Misconceptions about atheists are widespread, so let me set your mind at ease:

• I am not angry.  I don’t live in despair.  I don’t hate everything you stand for.
• I don’t eat atheist peanut butter and atheist jelly sandwiches for lunch.
• I dont flip coins over to avoid seeing the words “In God We Trust”.
• I don’t melt into a puddle of plasma when I walk into a church.
• I never met Madalyn Murray O’Hair.

Unlike the other angry atheist tracts you have read², I am not going to either defend it or explain it or pick fights with the more-enlightened (the last is especially futile).  But I will cherry-pick a few facts.  A 2008 study ranked various nations by their disbelief in God: 52% of East Germans say they do not believe, compared to 23% of the French, 18% of the British, 9% of Japanese and 3% of Americans.  Scarce as we are, there are twice as many American atheists as American Jews and four times the number of American Muslims.  String up those garlic cloves: we walk among you.
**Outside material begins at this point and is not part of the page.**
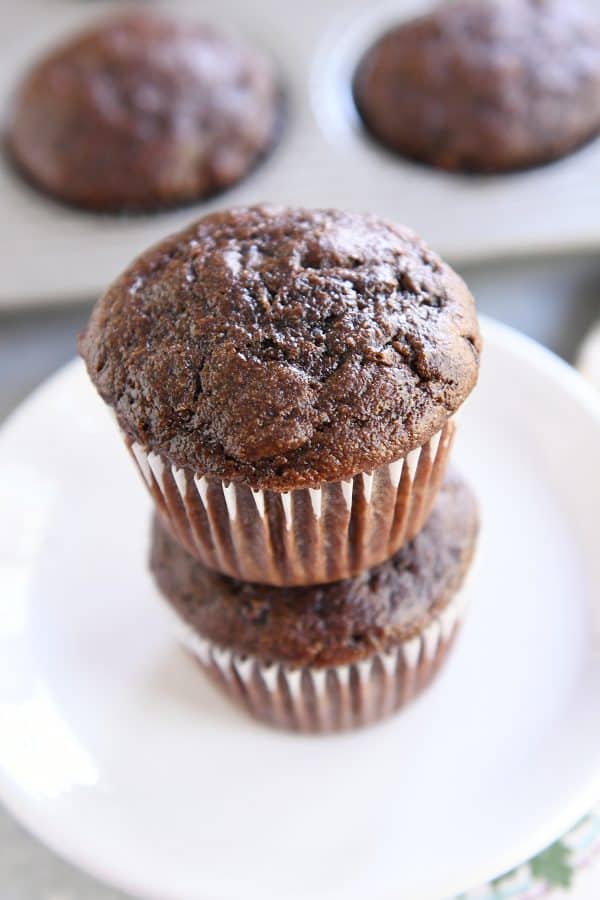 two double chocolate zucchini muffins stacked on each other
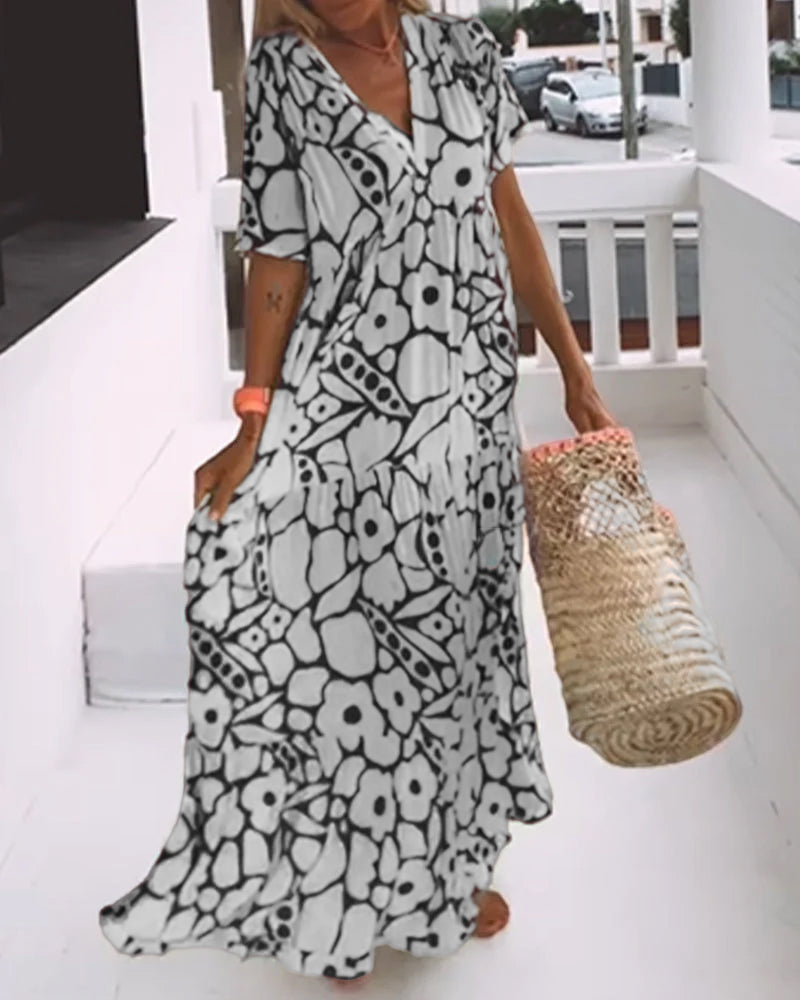 Vestido estampado Amélie con escote en pico: elegante y vaporoso para todas las ocasiones.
Three out of four Americans profess the same faith as the one in which they were raised, whether Catholic, Protestant, Muslim or Jew.  I was not born an atheist³ but evolved into one through a deliberate process over a number of eons.  In the end, I decided that the universe is either explainable by physics or it is not — I cannot accept the co-existence of physics and magic.  I don’t believe in any type of spirit, extra-sensory communications, prayers, vibrations (good or bad), superstition or luck.  Coincidences are only that.  And I cringe when someone says, “it was meant to be,” because it implies that some “meaning” permeates the cosmos.  “Meaning” is a mental construct that entirely depends on who is doing the constructing.

But don’t I find the lack of meaning depressing?  (As if avoiding depression would justify my believing something that isn’t there.)  No, but it would depress me if it were true that people cannot be moral without believing in some supernatural being.  Although 57% of Americans subscribe to this notion, I am not depressed, since I know by counterexample that it simply isn’t so.

Defenders of the faith like to point out that scientists don’t know everything, that scientists disagree with each other, and that scientists change their minds whenever some new bit of evidence destroys the old paradigm.  OK, guilty as charged.  They also say that whatever scientists claim to know are simply “theories” — i.e., provisional truths, not absolute ones.  Faithsayers see this as demonstrating the fragility and unreliability of science, but this is its very strength: scientists make falsifiable statements and challenge others to falsify them, whereas institutions of faith make unfalsifiable statements and often threaten those who do not accept them.  You know where I stand.

One thing I do have in common with religious people is that I think the world would be a better place if more people agreed with me.  The religious feel the same way.

• • •

So Merry Christmas and Happy Kwanzaa to you all.  May you enjoy the holidays as much as I will.  If you like, you can return the sentiments on March 20, General Relativity Day.  (March 20, 1916, is the day Einstein’s masterwork, “The Foundations of the General Theory of Relativity,” was published in Annalen der Physik.)  That is probably the closest thing to Atheist Christmas there is, other than the one we are all about to celebrate.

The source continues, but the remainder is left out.